Enzo Jannacci: la mia vita surreale tra il pentagramma e il bisturi

È un'emozione che si ripete ormai da un po' di tempo. Il pubblico a volte canta insieme a me. È davvero commovente». E c'è anche suo figlio Paolo al pianoforte? «Ebbene sì. È una grande soddisfazione. Paolo, che piacere averlo in compagnia. Un piacere da artista e anche da padre. Non solo Paolo Iannacci al pianoforte, fisarmonica e arrangiamenti, mi lasci dire, direzione musicale, Daniele Moretto tromba e tricorno, Sergio Farina chitarra acustica, Ellade Bandini batteria e percussioni, Marco Ricci contrabbasso e violoncello. È proprio una bella squadra. Siamo tutti uguali ma diversi». Ma che cos'è per lei il teatro? «Il teatro è una fumisteria, come entrare in un film, un po' vero e un po' surreale». Jannacci lei si sente più poeta, più cantante, più attore? «Non so che cosa io sia.

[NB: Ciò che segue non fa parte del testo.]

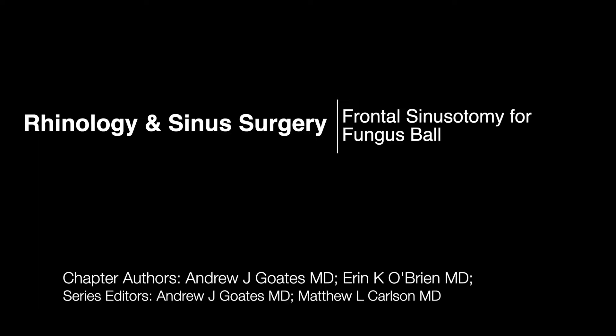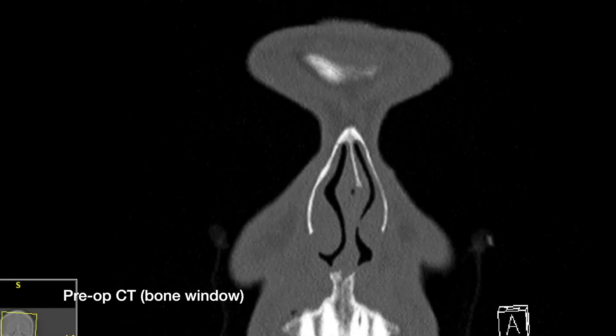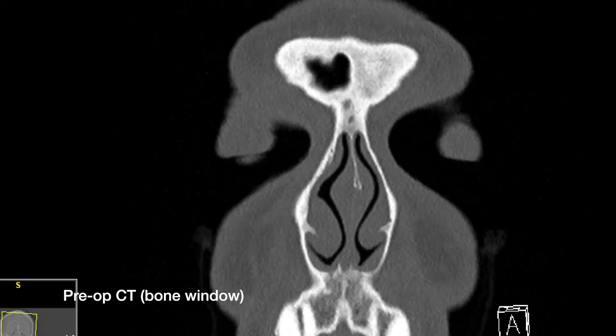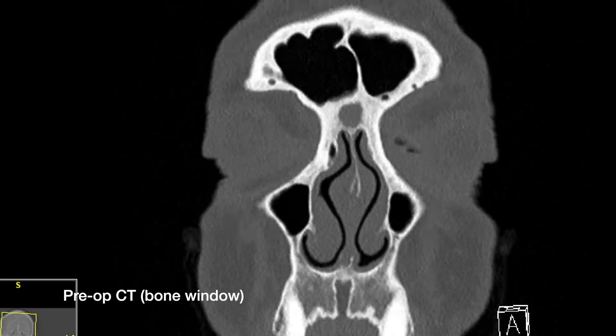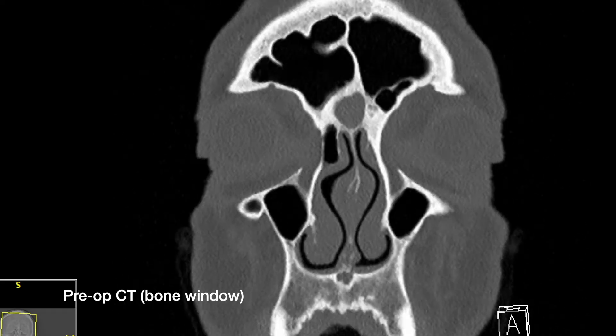This is a 71-year-old male with a history of nine months of frontal headaches, which initially improved with antibiotics, but he had persistent disease, and a CT scan was obtained. This demonstrated no significant sinonasal mucosal disease.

Mi piace lo spettacolo, mi piace cantare, mi piace esibirmi. Poeta, cantante, attore, è la mia vita. E la vita mi ha regalato grandi occasioni». Ma i ricordi sono qualcosa che abbiamo o qualcosa che abbiamo perduto? «I ricordi di un tempo forse possono aiutare anche a capire l'oggi». Si sente un po' surreale? «A volte lo dicono. Io mi sento Enzo Iannacci, nato a Milano qualche anno fa». E si sente anche medico? «Sono laureato in Medicina all'Università di Milano e ho esercitato per diversi anni». Quando ha incontrato la musica nella sua vita? «La mia carriera musicale è iniziata negli anni Cinquanta dopo il diploma in armonia. E poi ho lavorato con Tony Dallara e Giorgio Gaber. E con il gruppo si accompagnava in molte serate il non ancora famoso Adriano Celentano». E la televisione? «Mi ha dato tantissimo. Anche tanta popolarità. Con «Vengo anch'io, no tu no». E «teatro» a teatro, storie di gente comune, storie di Milano. «Sì, è anche la storia di ordinaria quotidianità. È la storia della mia Milano, è la storia di tutti noi. E "teatro" a teatro continua». Ma il momento a lei più caro di tutto lo spettacolo? «Il ricordo del mio caro papà».